PSU-AL - Processo Seletivo Unificado de Alagoas — Prova 2025
Mulher, 35 anos de idade, comparece ao ambulatório para investigação de dores articulares persistentes, principalmente em mãos e punhos, há cerca de 6 meses. Relata fadiga constante, emagrecimento não intencional de 3kg, nesse período, e episódios de febre baixa intermitente. Refere aparecimento de manchas avermelhadas no rosto após exposição ao sol e queda de cabelo difusa. Ao exame físico, apresenta artrite em articulações metacarpofalângicas e interfalângicas proximais, além de leve edema nas mãos. Exames laboratoriais prévios mostraram hemoglobina: 11,2g/dL, plaquetas: 120.000/mm³ e leucócitos: 3.800/mm³.Responda de acordo com a European League Against Rheumatism e a American College of RheumatologyIndique o esquema farmacológico inicial mais adequado para essa paciente:
LES leve/moderado → Hidroxicloroquina (base) + Corticoide em baixa dose para controle inicial.
A hidroxicloroquina é a terapia de base para todos os pacientes com LES, reduzindo flares e mortalidade, enquanto corticoides em baixa dose controlam sintomas articulares e constitucionais.
O Lúpus Eritematoso Sistêmico (LES) é uma doença autoimune multissistêmica crônica. O manejo moderno baseia-se na estratificação da gravidade. Para manifestações musculoesqueléticas e cutâneas, o padrão-ouro é a combinação de antimaláricos com pulsos curtos ou doses baixas de corticoides. As diretrizes EULAR/ACR enfatizam que a hidroxicloroquina deve ser mantida continuamente para manter a remissão. O uso de imunossupressores como metotrexato ou leflunomida é reservado para casos onde não há resposta satisfatória à terapia inicial ou para permitir a redução da dose de prednisona. A vigilância oftalmológica anual é necessária para pacientes em uso prolongado de hidroxicloroquina.
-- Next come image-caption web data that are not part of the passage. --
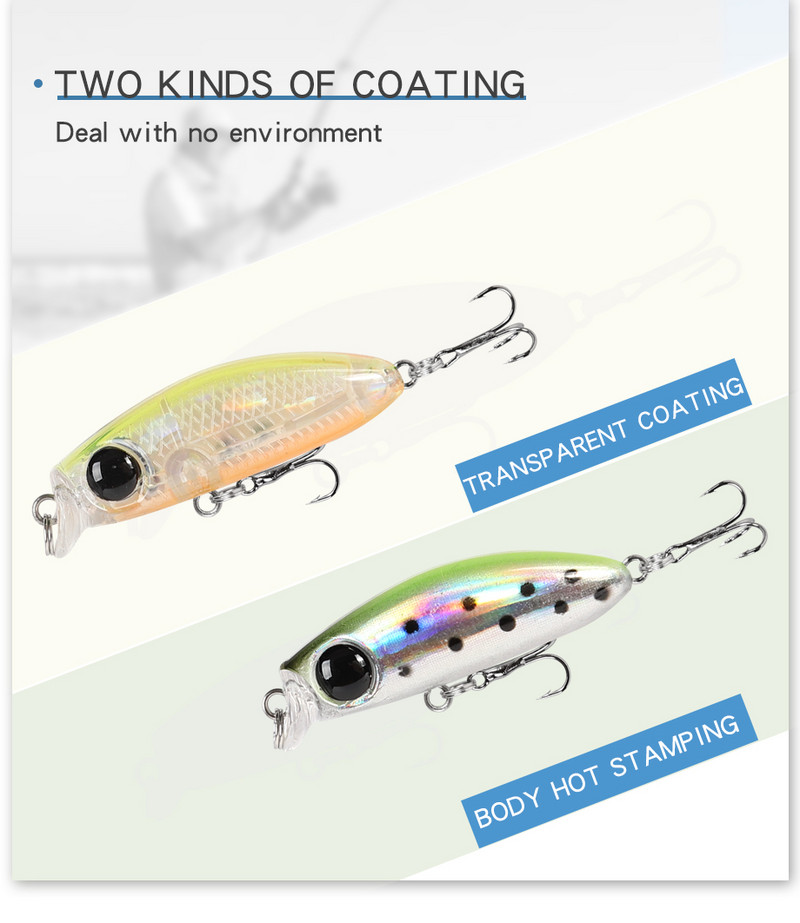 1vnt mini Minnow žvejybos masalai vobleriai 3,5 cm 2,7 g lėtai skęstantys upėtakiai dirbtinis kietas masalas ešerys Crankbait karpių žvejybos reikmenys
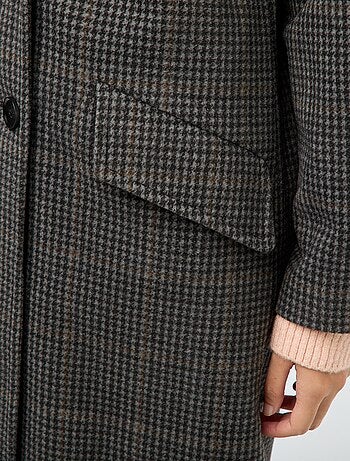 Cappotto lungo effetto lana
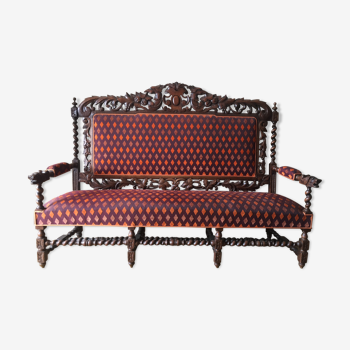 19th-style bench Henri II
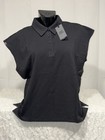 2 Lot Set Figs Womens Nurse Technical Pique Ella Black Scrub Polo Shirt Med Nwt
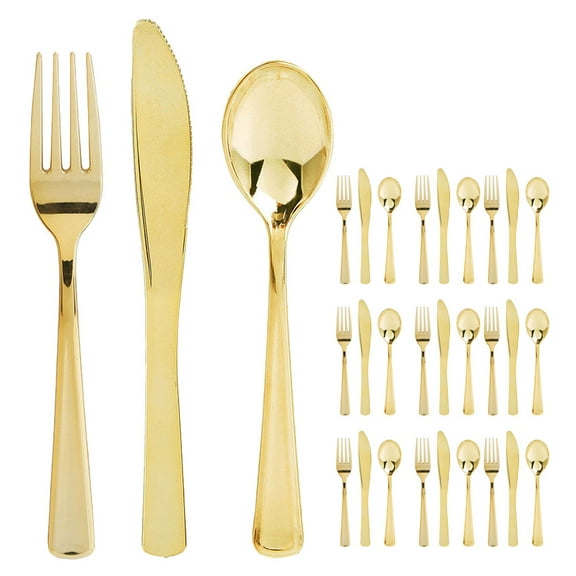BERTDOMD 1 set of Plastic Silverware Disposable Silverware Plastic Dinnerware Decorative Cutlery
A hidroxicloroquina é recomendada para todos os pacientes com Lúpus Eritematoso Sistêmico, a menos que haja contraindicação absoluta (como maculopatia prévia). Ela não apenas controla sintomas cutâneos e articulares, mas também demonstrou reduzir a frequência de crises (flares), prevenir danos orgânicos a longo prazo, diminuir o risco de eventos trombóticos e reduzir a mortalidade geral. É a droga 'âncora' do tratamento lúpico.
Os glicocorticoides, como a prednisona, são utilizados para o controle rápido de sintomas inflamatórios e constitucionais (febre, fadiga, artrite). No entanto, a tendência atual é utilizar a menor dose possível pelo menor tempo necessário (estratégia de 'poupadores de corticoide'). Em casos leves a moderados, doses baixas (≤ 7,5 mg/dia ou 0,1-0,2 mg/kg/dia) costumam ser suficientes para a ponte até que os antimaláricos atinjam eficácia plena.
A paciente apresenta critérios clínicos e laboratoriais robustos conforme o ACR/EULAR 2019: artrite inflamatória (metacarpofalângicas), alopecia não cicatricial, fotossensibilidade (manchas após sol), febre e alterações hematológicas (anemia, leucopenia e plaquetopenia). A presença de múltiplos domínios acometidos confirma a alta probabilidade diagnóstica, exigindo início imediato da terapia de manutenção.